Why, any sane person would ask, is this all allowed? The neo-liberal orthodoxy that individual liberty is paramount was always just an excuse for some, usually rich and privileged, individuals to exploit others who were less so by acquiring wealth at their expense. It’s time for a sea-change in what is acceptable.
In the UK there has already been speculation about Nigel Farage and some of what, in horse racing parlance, would be called his ‘connections’ ( see Criminal Proceedings ) Most especially his remark, just hours before polls closed in the Referendum in June 2016, that he believed that the Leave campaign had lost. This was followed by an increase in the value of the pound, which, when the actual result came in, plummeted. There was significant activity in the City short selling the pound and much money was made.
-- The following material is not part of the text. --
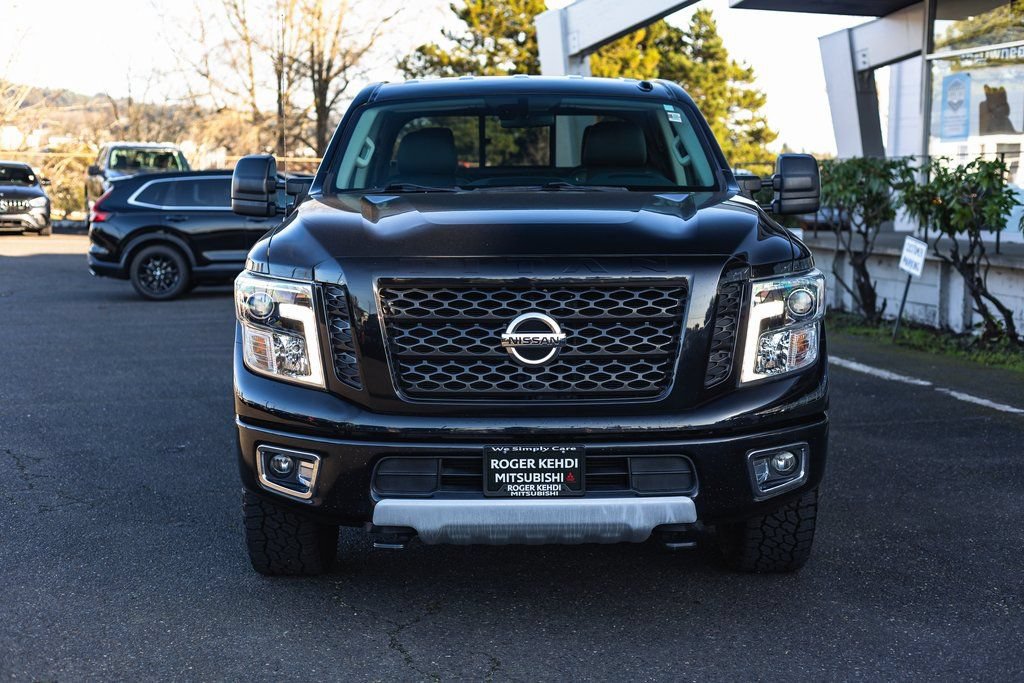 Used 2018 Nissan Titan PRO-4X AWD/4WD image 5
Was Nigel helping out his pals in the City by maximising their return? ( He is certainly very close to some gamblers and some bookmakers, see Bloomberg’s report here ) Farage denies this.
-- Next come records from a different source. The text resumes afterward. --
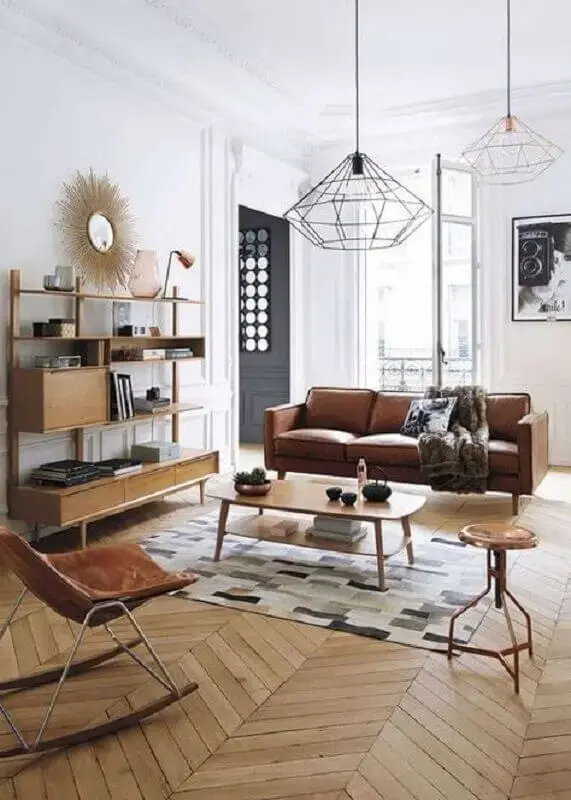 tapete de couro para sala decorada com sofá marrom e estante de madeira Foto HomeDeco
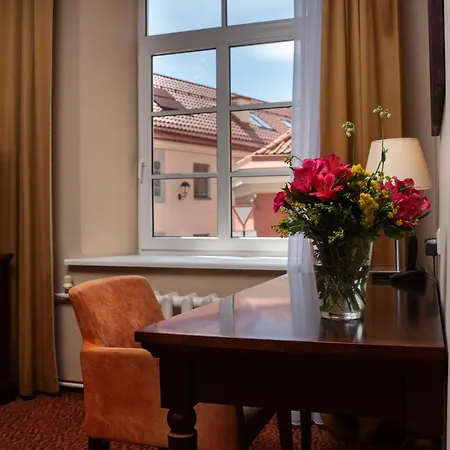 Mabre Hotel 4*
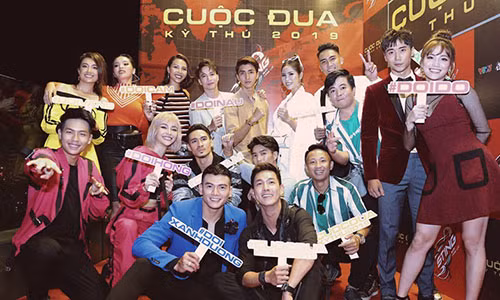 Vi sao gameshow co Do My Linh, H’hen Nie bi chi trich, rot hang the tham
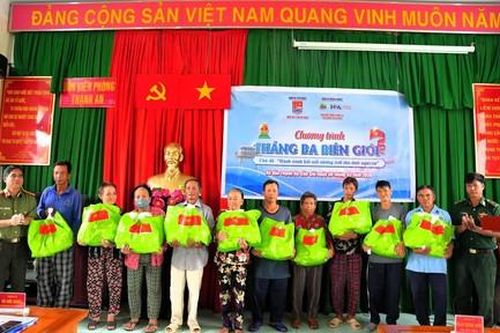 Đoàn Thanh niên Công an TPHCM với chương trình 'Tháng Ba biên giới'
Similarly how can we allow individual hedge fund managers and partners to occupy positions of power from which they can manipulate the markets, either positively or negatively, in which they are investing? Just fomenting uncertainty impacts directly on markets, indeed ‘uncertainty’ as compared to ‘certainty’ is one aspect of financial economics. And this, of course, includes legislators, like Jacob Rees-Mogg. So I propose that all professional investment managers ( of hedge or other funds ) are, in future, excluded from being Members of Parliament. Come on Labour, or the Lib Dems.
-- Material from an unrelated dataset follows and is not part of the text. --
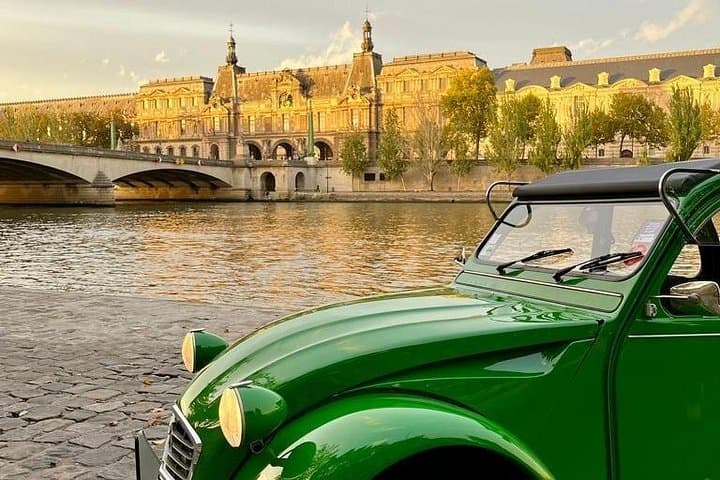 Private tour Paris Little-known places 2 hours in Citroën 2CV — photo 1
Rees-Mogg has already been reported to the standards committee of the House when he failed to declare financial interests, via Somerset Management, in tobacco, mining, oil and gas yet spoke in debates in the House against Green Energy and plain packaging for cigarettes ( see If Mrs Merton did tax and Brexit ). Yet transparency on its own is insufficient. We need a major overhaul of what constitutes fitness to be an MP and hold office.
Talking of which, the crowd funded civic case against Boris Johnson appears to have stalled. There are, however, civil suits underway from those private investors in the Garden Bridge, one of Johnson’s vanity projects when he was Mayor of London, who have not received their money back. The project seems never to have met public procurement standards and was shelved by the incoming Sadiq Khan at a cost of millions to the taxpayer. An old-fashioned auditor is required here ( remember Shirley Porter* ).
*Erstwhile Mayor of Westminster who was, after years, found guilty of gerrymandering ‘homes for votes’, thanks to a very persistent auditor.